Input data:
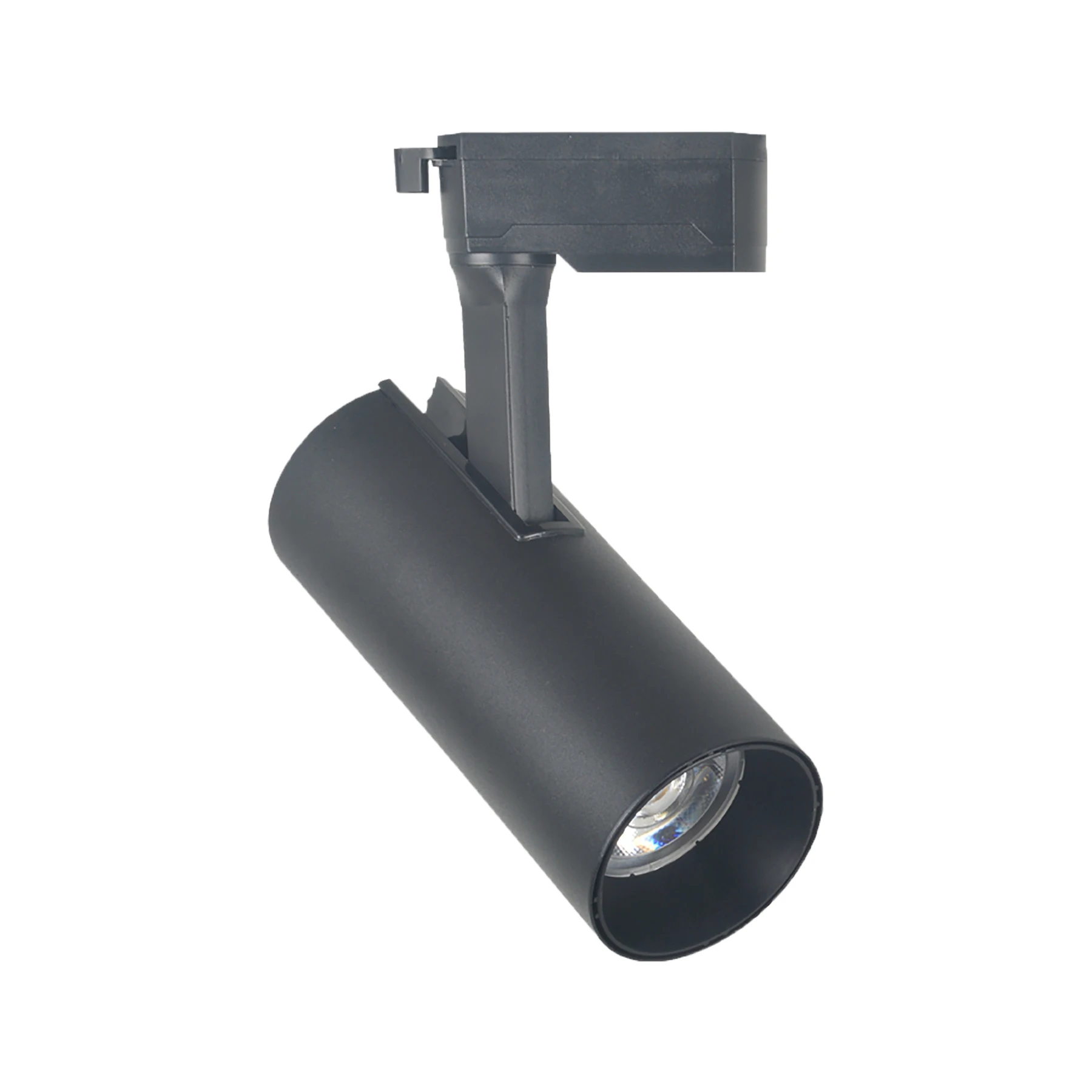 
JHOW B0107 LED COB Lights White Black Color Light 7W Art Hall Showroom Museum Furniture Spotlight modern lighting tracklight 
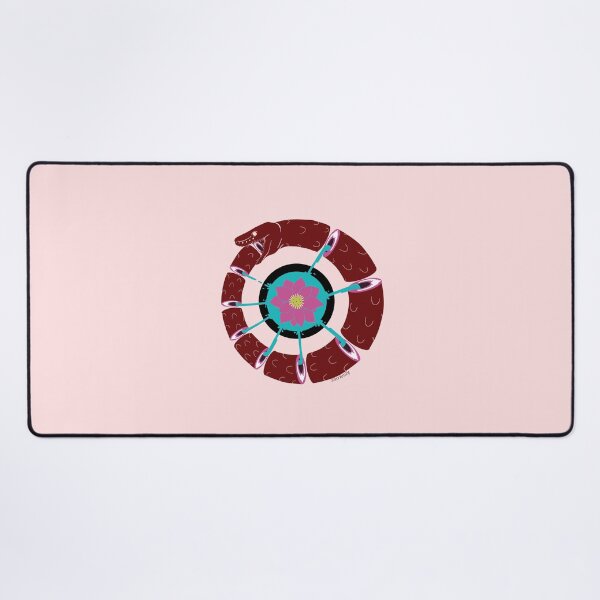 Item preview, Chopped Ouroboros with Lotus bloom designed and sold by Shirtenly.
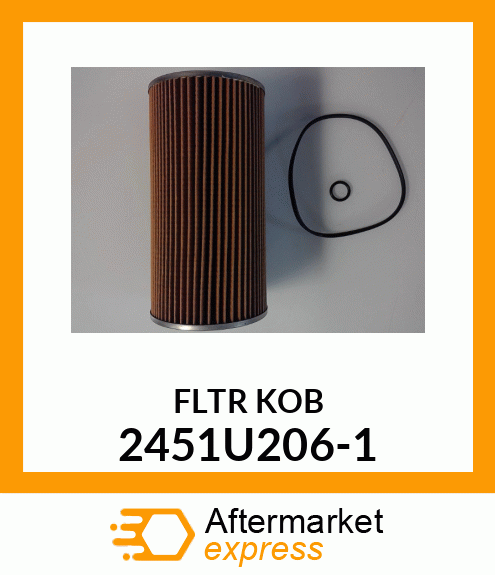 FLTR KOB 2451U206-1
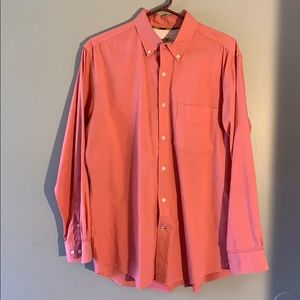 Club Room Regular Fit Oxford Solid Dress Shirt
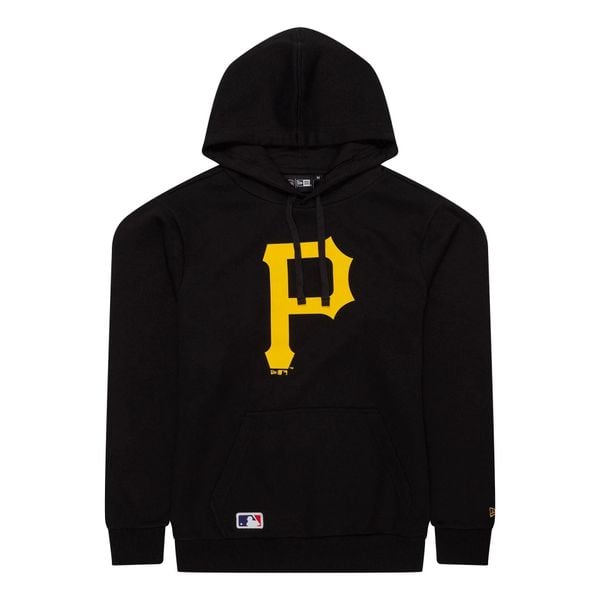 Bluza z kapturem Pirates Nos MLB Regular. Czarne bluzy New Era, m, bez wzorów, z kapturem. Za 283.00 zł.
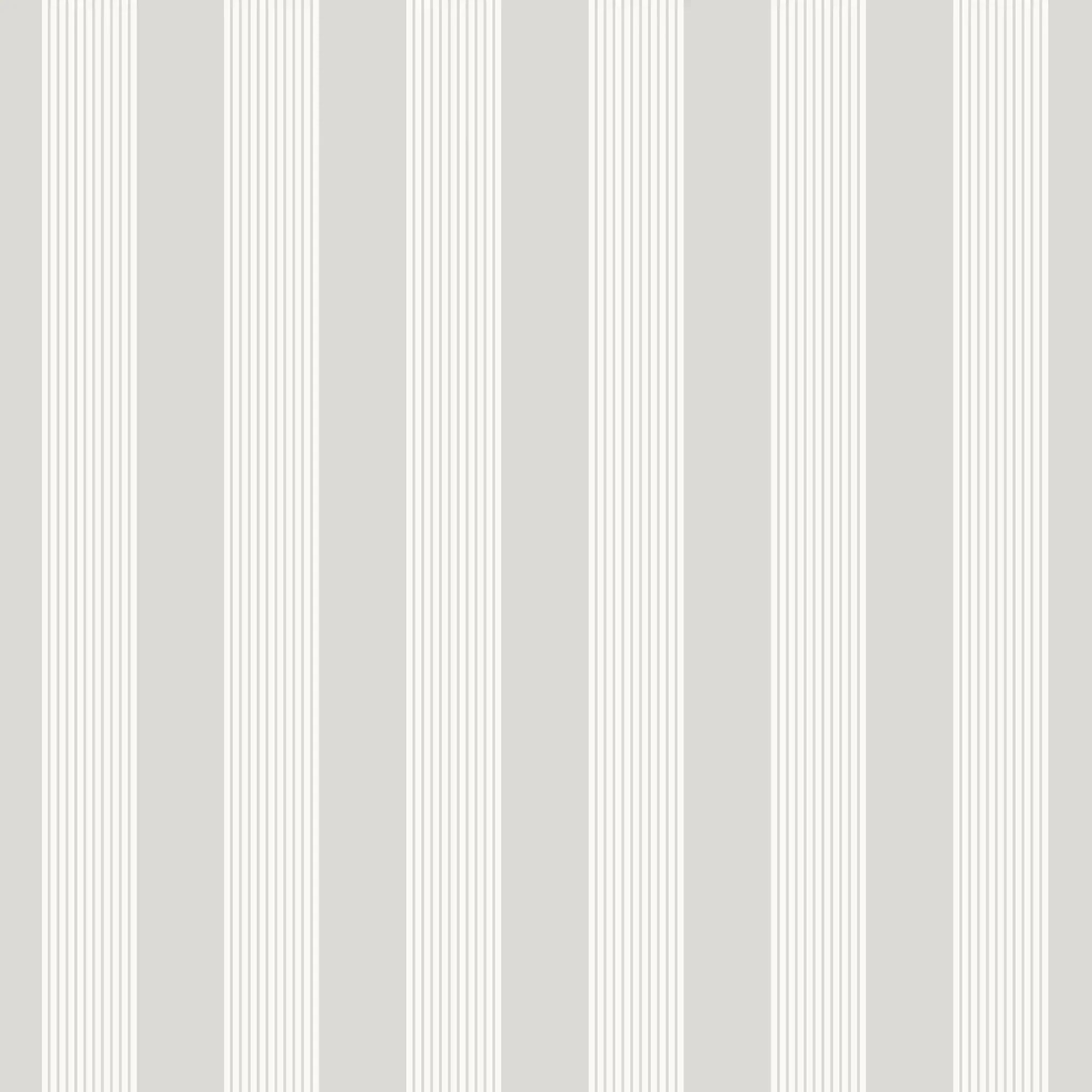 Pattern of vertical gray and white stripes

--

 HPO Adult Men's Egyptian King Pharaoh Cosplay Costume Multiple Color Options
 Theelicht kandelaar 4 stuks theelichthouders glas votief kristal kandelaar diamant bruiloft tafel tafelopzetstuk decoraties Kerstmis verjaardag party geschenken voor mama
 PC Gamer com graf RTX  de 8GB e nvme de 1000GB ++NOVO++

==

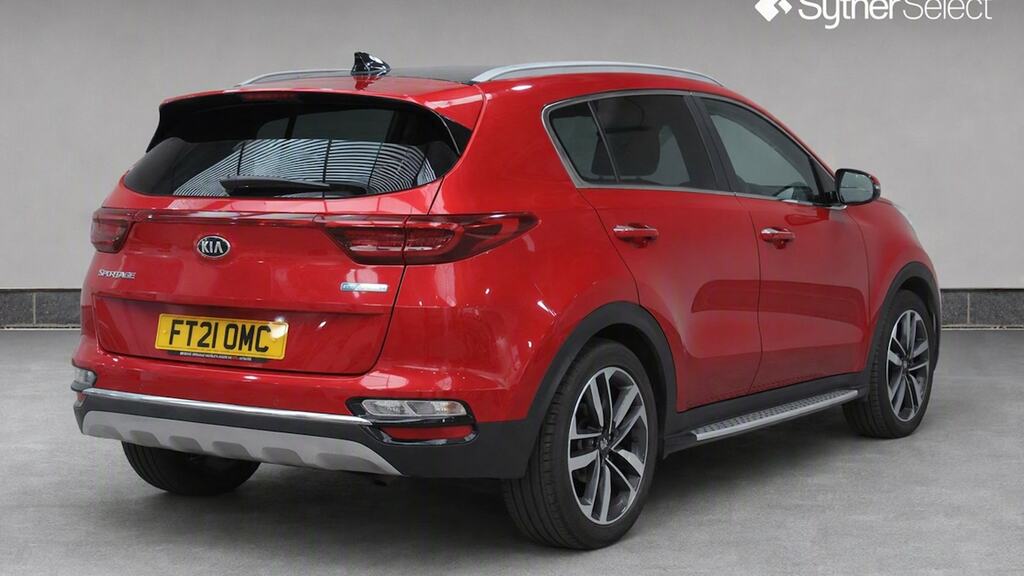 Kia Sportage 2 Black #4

Task statement: Output exactly the lines of the listing above that start with the one holding "JHOW B0107 LED" and go on through the one holding "Pattern of vertical gray and white stripes"; leave the pictures out.

Result:
JHOW B0107 LED COB Lights White Black Color Light 7W Art Hall Showroom Museum Furniture Spotlight modern lighting tracklight 
 Item preview, Chopped Ouroboros with Lotus bloom designed and sold by Shirtenly.
 FLTR KOB 2451U206-1
 Club Room Regular Fit Oxford Solid Dress Shirt
 Bluza z kapturem Pirates Nos MLB Regular. Czarne bluzy New Era, m, bez wzorów, z kapturem. Za 283.00 zł.
 Pattern of vertical gray and white stripes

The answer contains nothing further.